[Work item]:
From the line containing "Mosquito Repellent Patch" through the end of the entries, please repeat every line exactly and nothing more; the pictures do not belong in the copy.

[Provided data]:
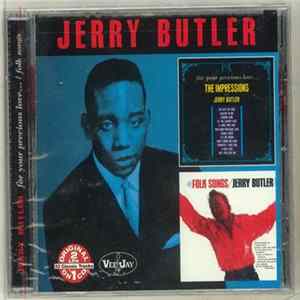 Jerry Butler - For Your Precious Love... / Folk Songs FLAC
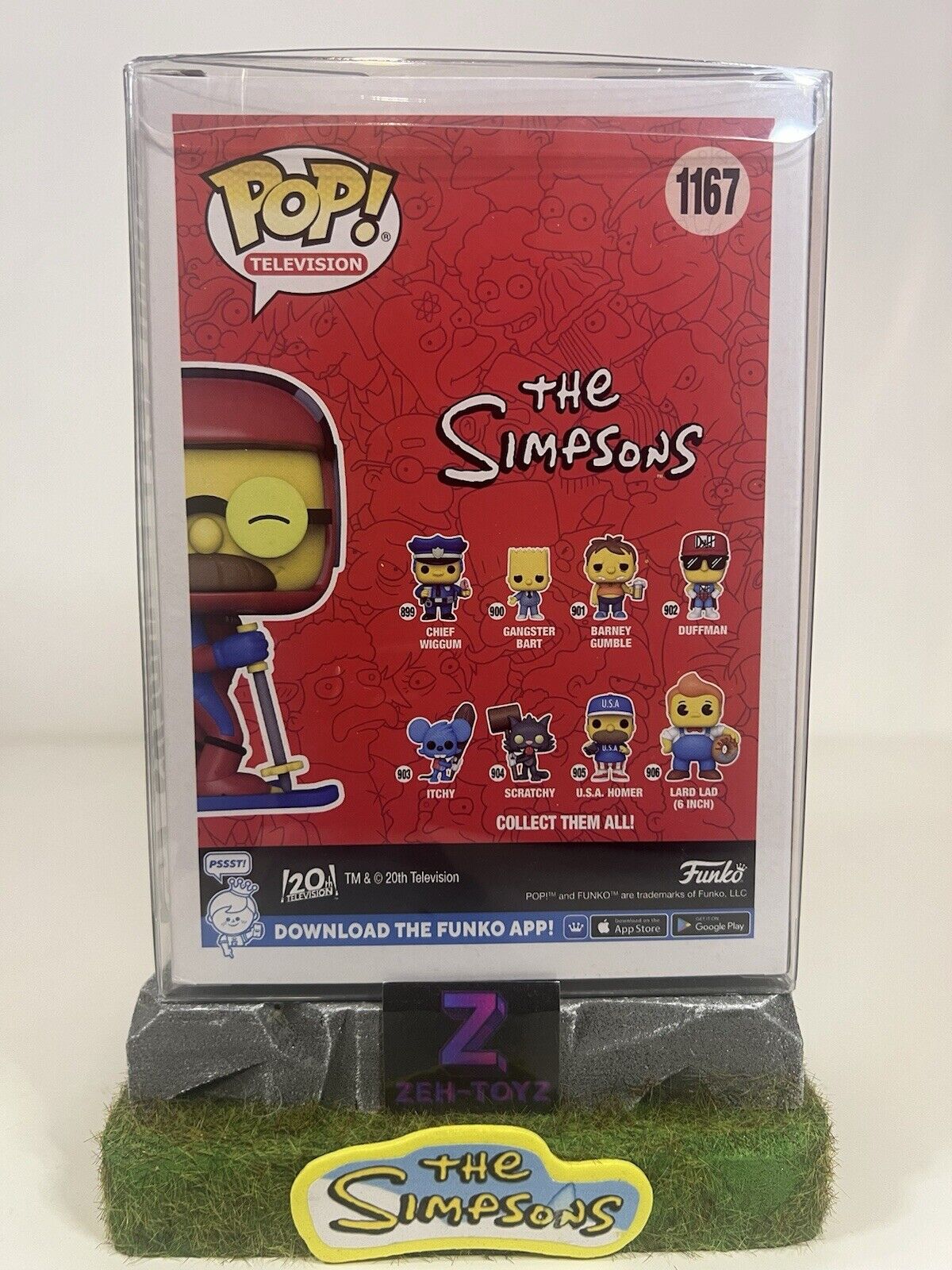 FUNKO POP! Animation Television The Simpsons Stupid Sexy Ned Flanders #1167 (6)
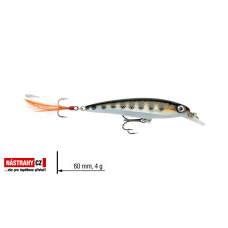 Wobler jednodílný X Rap RAPALA 6 cm Wobler jednodílný X Rap RAPALA 6 cm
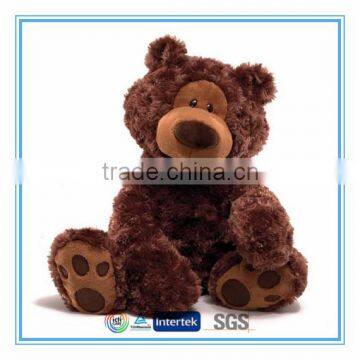 Custom giant handmade stuffed plush toy bear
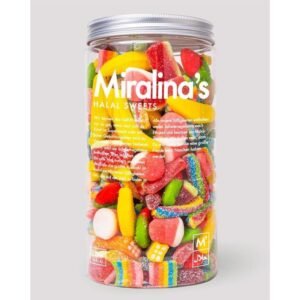 Bunte Dose (1KG) | Halal Süßigkeiten | weiche Konsistenz
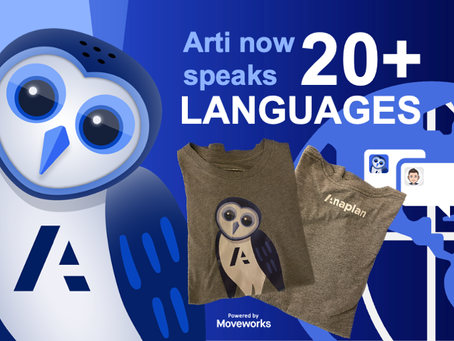 Arti delivers the power of AI!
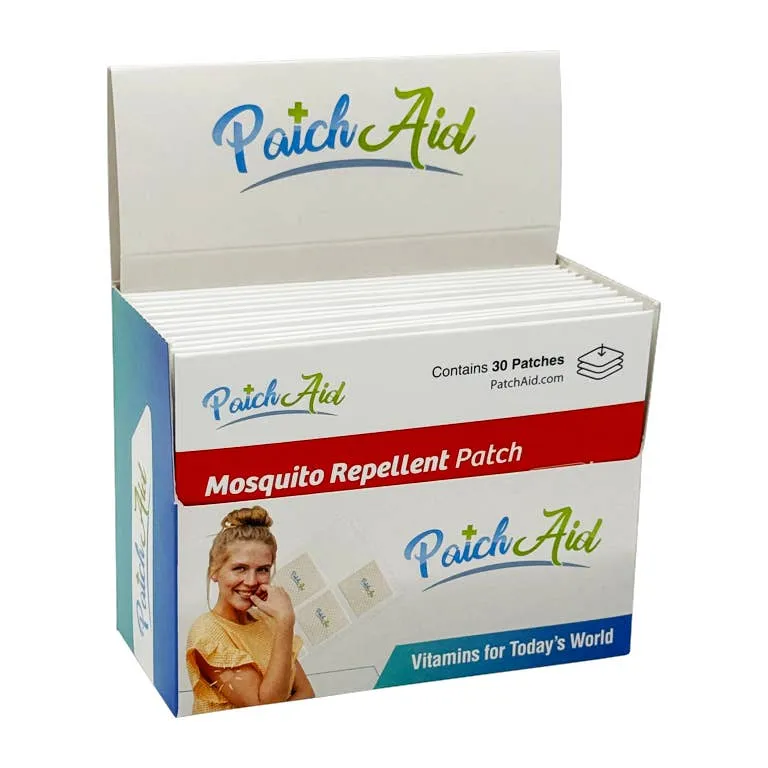 Mosquito Repellent Patch - Natural Essential Oil Protection
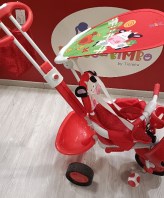 TRICICLO FISHER PRICE+CASCO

[Result]:
 Mosquito Repellent Patch - Natural Essential Oil Protection
 TRICICLO FISHER PRICE+CASCO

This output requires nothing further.